これができたら、どんどんろうそくまでの距離を離したり、ろうそくの本数を増やして行きます。そうやって、「腹式呼吸からの息を強くはく」という事を習得します。

 

メンタルの原因

大きな声を出せない原因として、「心(メンタル)の状態」が原因になってくる場合もとても多いです。

メンタルと言うと重く聞こえてしまうかもしれませんが、「大きな声を出すのは恥ずかしい」「なんか抵抗がある」というような内容も心の状態と言えます。実際こういった、「なんか抵抗がある」「なんとなく恥ずかしい」という原因で大きな声を出せない、という方は非常に多くいらっしゃいます。

日本人は感情をあまり表に出さない文化があると言われます。その影響なのか「人前で大きな声を出すのは恥ずかしいこと」「静かにしていることが良いこと」というような固定観念が根付いている場合もあります。小さな子供はそういった恥ずかしさなどがないので、大きな声が簡単に出るわけですね。

また、普段は大きな声を出せても、「特定の場面だけ出せない」という方もいらっしゃいます。多いのは「人前で行うスピーチや挨拶」などです。これに関しては「緊張」が色濃くかかわってきます。緊張についてはこちらでご紹介しています

 

トレーニング方法

メンタルの原因は、技術的な原因以上に、その方の状況という部分で変化するため、テンプレートのような決まったトレーニング方法はありません。
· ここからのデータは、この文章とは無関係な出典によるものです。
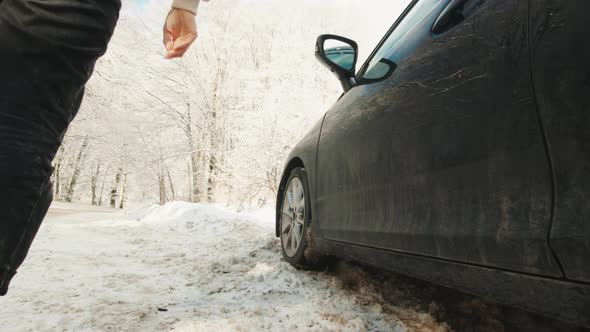 Female Person Closes Black Car Door In Winter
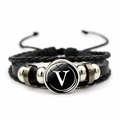 Detailed shot of multilayer leather bracelet featuring letter V glass dome and metal beads - Letter V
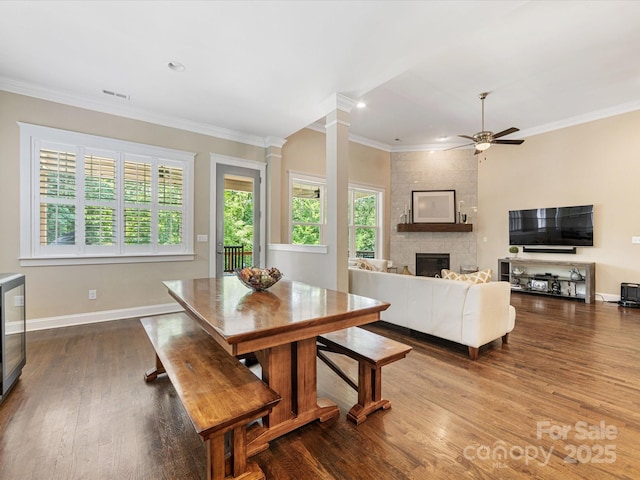 612 Ideal Way, Charlotte, NC 28203 - dining area with ornamental molding, dark wood finished floors, ceiling fan, a large fireplace, and ornate columns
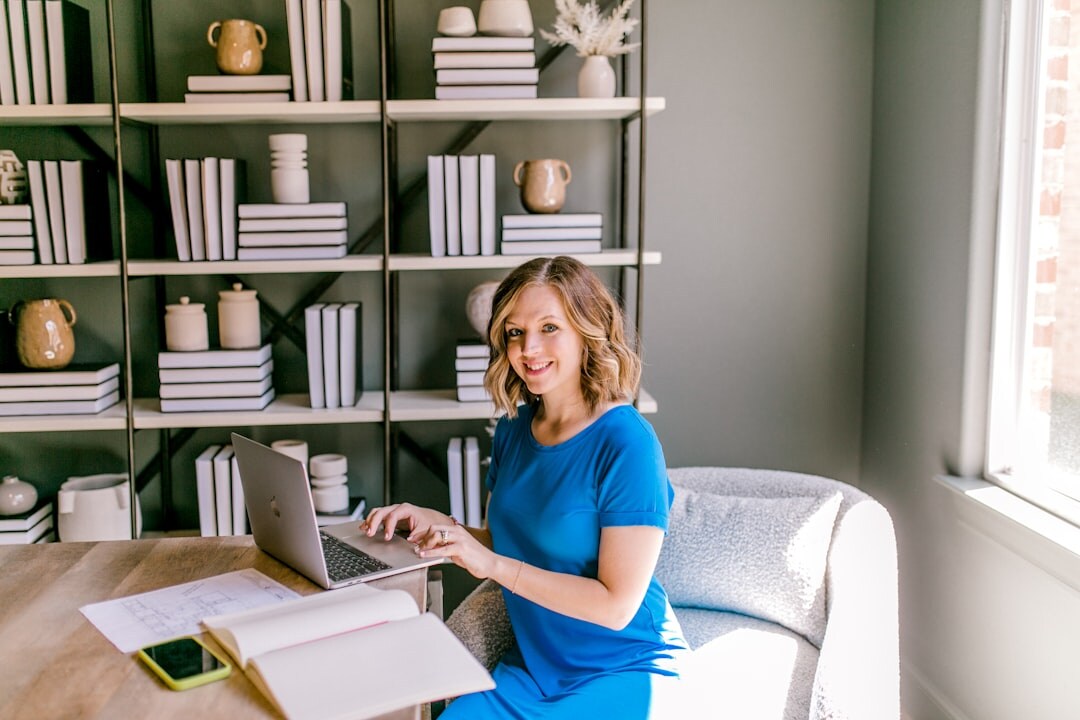 blogger at desk with laptop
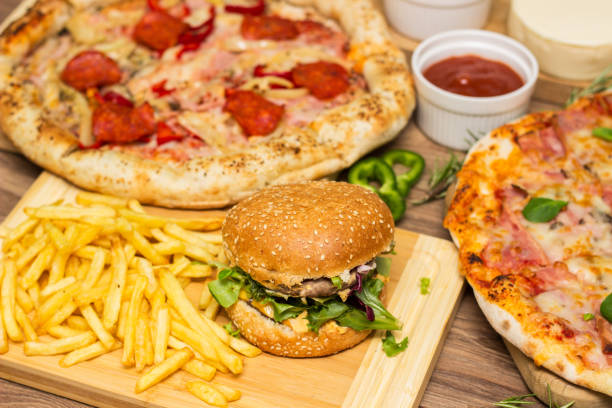 istock Pizza and hamburger on wooden background 1445035487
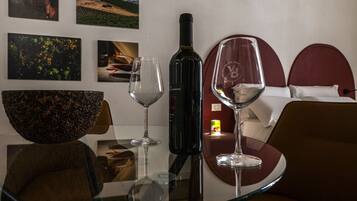 A hotel room with a glass table, wine bottle, and wine glasses. There are framed pictures on the wall and a bed with a red headboard.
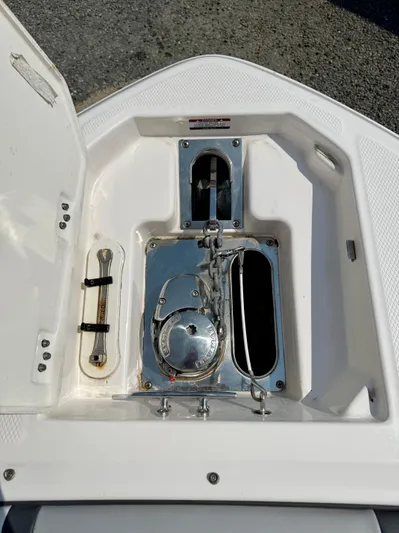  Yacht Photos Pics 2023 Chaparral 280 OSX boat anchor compartment with open hatch and stainless steel fittings.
その方の状況、原因に合わせてトレーニング内容も変化します。

一例を挙げますと……

「大きな声を出すという事がなんとなく恥ずかしい」

原因:大きな声を出す=恥ずかしいという認知になっていること

改善方法:大きな声を出すこと=恥ずかしいことではないという認知に考え方を変える

このように書くとシンプルなように見えますが、「なぜ大きな声が恥ずかしいと思うのか」「なぜ恥ずかしいと思うようになったのか」という根底の部分は、そのお悩みを持つ方によって必ず違います。そのため、その部分をご自身で気づいていただき、その上で認知を変えていっていただく必要があります。

ゴール(結果)には必ずスタート(始まり)があります。人間の行動も同じです。大きな声が出せないというのは結果ですので、始まりの部分を変えてあげる必要があるのです。逆に言えば、この始まりの部分を変えることができれば、結果も必然的に変わってきます。

トレーニング内容はお悩みの方の状況に合わせたトレーニングを行いますが、認知行動療法やマインドフルネス等の手法を用いてトレーニングを行う場合もあります。

 

個人の原因に合わせたトレーニング

大きな声が出せないという結果の原因は、個人個人の状況によって変わってきます。

技術とメンタルを組み合わせて考えると、それこそまったく同じ原因という方はいらっしゃらないかもしれません。

このように、声が小さい・大きな声が出ないという結果は一つだったとしても、そこに行きつくまでの原因が人それぞれなのです。せっかくトレーニングをしたのにいまいち結果が出ない、効果を実感できないという場合は、そのトレーニングがあなたに合っていないという可能性があります。

トレーニングメニューを決める際は、必ずあなたの状況を改善するためのものでなければいけないのです。